→ Exercise details
At the line containing "Non-Stick Induction Deep Frypan 24cm", begin an exact copy of the lines below and continue through the final one, with no pictures.

→ Data listing
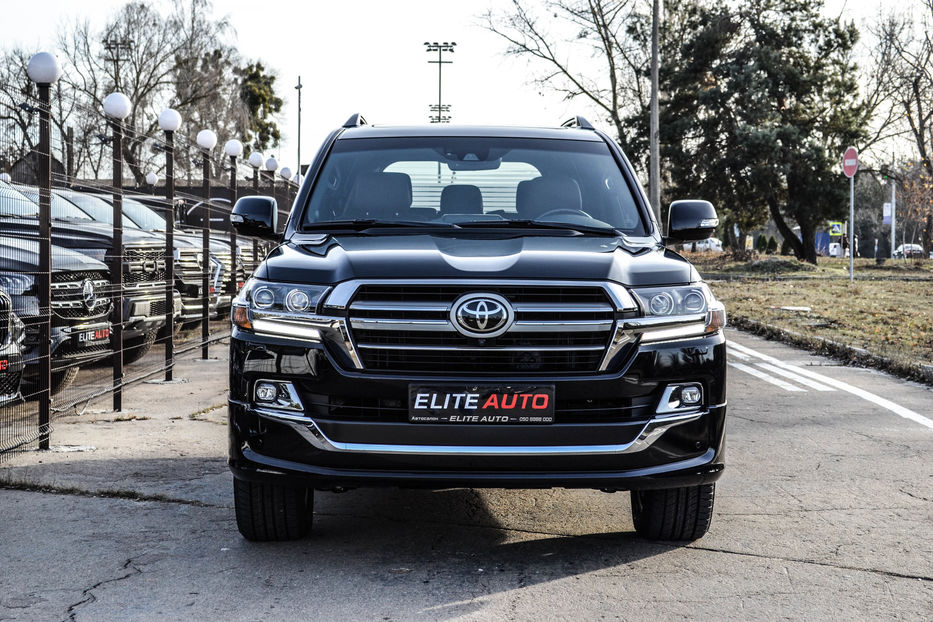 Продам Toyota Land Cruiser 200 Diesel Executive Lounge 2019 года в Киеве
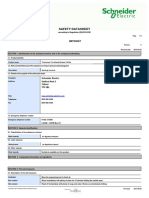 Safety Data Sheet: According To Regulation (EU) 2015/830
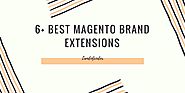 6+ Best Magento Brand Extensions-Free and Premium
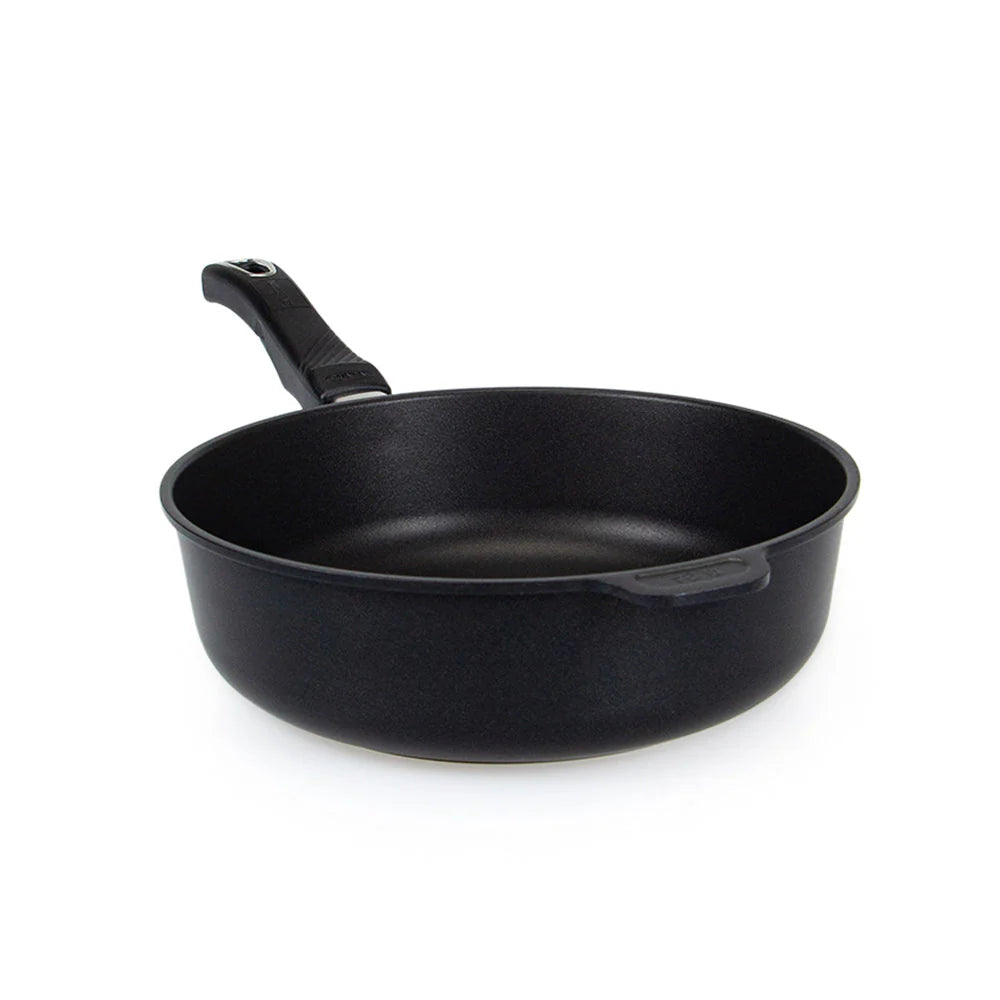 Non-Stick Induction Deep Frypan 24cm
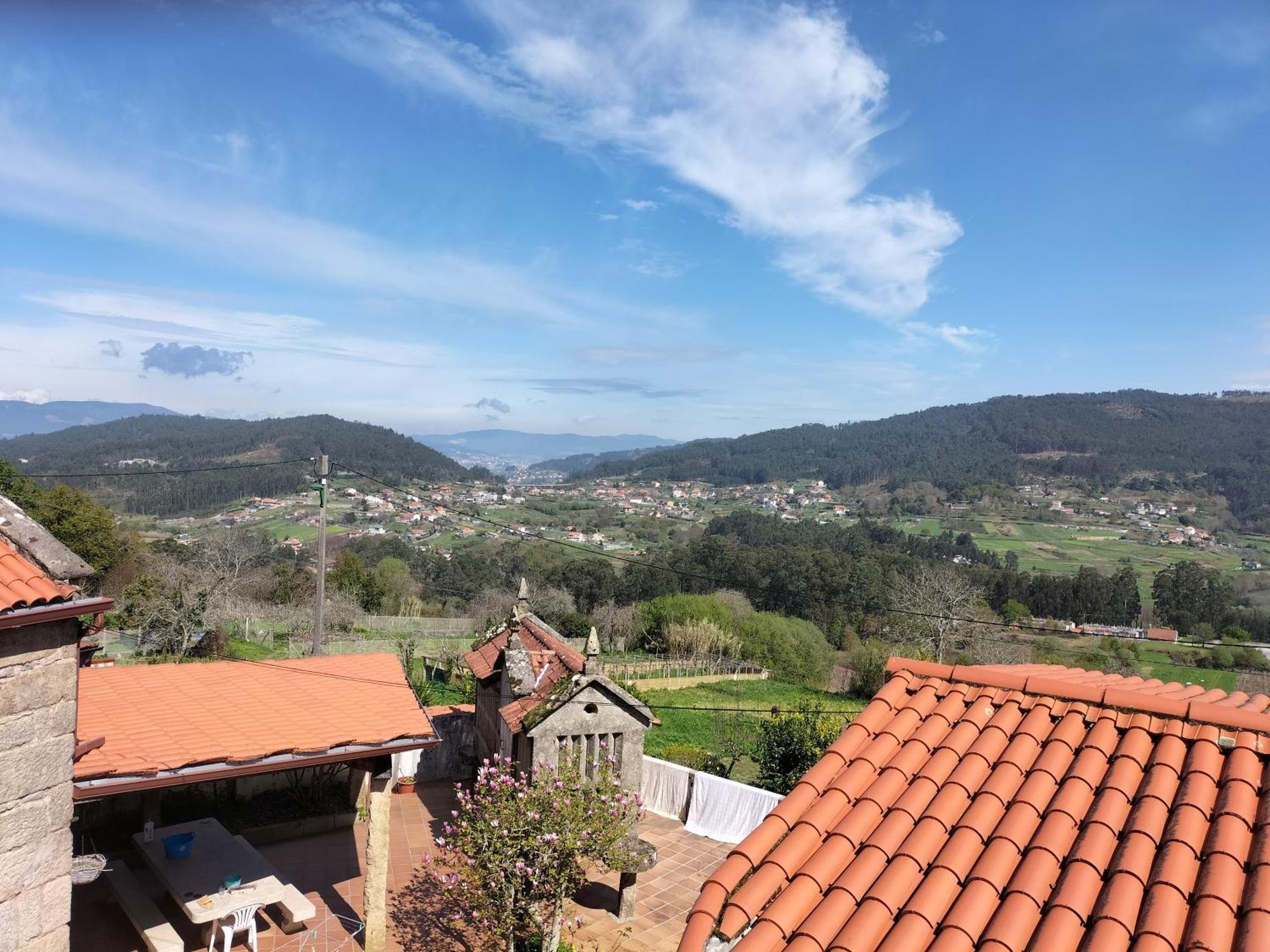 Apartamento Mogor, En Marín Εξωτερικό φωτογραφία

→ Output below
 Non-Stick Induction Deep Frypan 24cm
 Apartamento Mogor, En Marín Εξωτερικό φωτογραφία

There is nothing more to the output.